Cideciyan et al. (2008) analyzed rod and cone kinetics in the 3 LCA2 patients reported by Hauswirth et al. (2008) who had undergone RPE65 gene therapy. Both cone- and rod-photoreceptor-based vision could be demonstrated in treated areas, with increases up to 50-fold for cones and up to 63,000-fold for rods. Noting that visual loss in LCA2 is due to a combination of biochemical blockade of the retinoid cycle and degeneration of retinal photoreceptors, Cideciyan et al. (2008) related the degree of light sensitivity to the level of remaining photoreceptors within the treatment area, and found that the intervention could overcome nearly all of the loss of light sensitivity resulting from the biochemical blockade. The reconstituted retinoid cycle was not completely normal, however: although cone-sensitivity recovery time was rapid, resensitization kinetics of the newly treated rods were remarkably slow and required 8 hours or more to reach full sensitivity, compared with less than 1 hour in normal eyes.

Cideciyan et al. (2009) provided follow-up on 1 of the patients previously studied by Hauswirth et al. (2008) who, 12 months after RPE65 gene therapy for LCA2, reported perception of the lowest luminance target for the first time, which was found to be accompanied by a distinct shift in fixation into the treated superotemporal retina. Further examination revealed that foveal sensitivities in her 2 eyes were similar, but the superotemporal region of the treated eye was remarkably different from the cone blindness in the comparable region of the untreated eye. Cideciyan et al. (2009) concluded that the change in fixation was driven by treatment-created extrafoveal cone vision with better sensitivity and greater expanse than the untreated foveal region, suggesting the slow development of a 'pseudo-fovea' and an underlying experience-dependent plasticity of the adult visual system.

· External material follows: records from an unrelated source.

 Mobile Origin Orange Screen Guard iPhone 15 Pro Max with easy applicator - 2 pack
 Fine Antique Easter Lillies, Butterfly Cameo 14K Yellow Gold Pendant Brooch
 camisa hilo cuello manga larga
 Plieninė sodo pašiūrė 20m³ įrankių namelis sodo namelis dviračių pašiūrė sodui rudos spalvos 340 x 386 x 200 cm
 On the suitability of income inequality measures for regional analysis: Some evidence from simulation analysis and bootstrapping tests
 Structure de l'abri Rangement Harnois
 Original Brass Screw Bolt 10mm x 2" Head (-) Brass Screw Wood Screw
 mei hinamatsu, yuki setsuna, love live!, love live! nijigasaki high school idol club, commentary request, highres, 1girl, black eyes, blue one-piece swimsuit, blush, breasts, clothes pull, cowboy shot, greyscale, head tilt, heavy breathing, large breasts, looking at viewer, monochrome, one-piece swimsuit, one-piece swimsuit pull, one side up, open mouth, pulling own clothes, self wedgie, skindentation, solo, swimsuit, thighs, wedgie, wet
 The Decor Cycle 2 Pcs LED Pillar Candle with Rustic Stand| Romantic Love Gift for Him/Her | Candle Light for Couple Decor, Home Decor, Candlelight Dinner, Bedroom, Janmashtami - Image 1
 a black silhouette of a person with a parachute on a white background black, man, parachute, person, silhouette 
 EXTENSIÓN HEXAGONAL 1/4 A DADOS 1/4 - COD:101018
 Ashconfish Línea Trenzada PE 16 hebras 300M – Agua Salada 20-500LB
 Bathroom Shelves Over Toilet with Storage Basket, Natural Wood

Maguire et al. (2009) assessed the retinal and visual function in 12 patients aged 8 to 44 years with RPE65-associated Leber congenital amaurosis who had received 1 subretinal injection of adeno-associated virus (AAV) containing the RPE65 gene in the worse eye at low (1.5 x 10(10) vector genomes), medium (4.8 x 10(10) vector genomes), or high dose (1.5 x 10(11) vector genomes) for up to 2 years. Patients had at least 2 log unit increase in pupillary light responses, and an 8-year-old child had nearly the same level of light sensitivity as that in age-matched normal-sighted individuals. The greatest improvement was noted in children, all of whom gained ambulatory vision. Gene therapy was well tolerated and all patients showed sustained improvement in subjective and objective measurements of vision.

Animal Model

Aguirre et al. (1998) described a 4-bp deletion in the RPE65 gene in a form of retinal dystrophy in dogs of the Swedish Briard breed. The disorder was initially described by Narfstrom et al. (1989) as a stationary disorder analogous to human congenital stationary night blindness (CSNB). The disorder was later described as having a progressive component and was termed hereditary retinal dystrophy (Wrigstad et al., 1994). Aguirre et al. (1998) studied 10 Briard dogs affected with what has been called CSNB in the U.S. The dogs originated from stock in the U.S., Canada, and France. Identification of the same mutation in all of these dogs suggested a founder effect.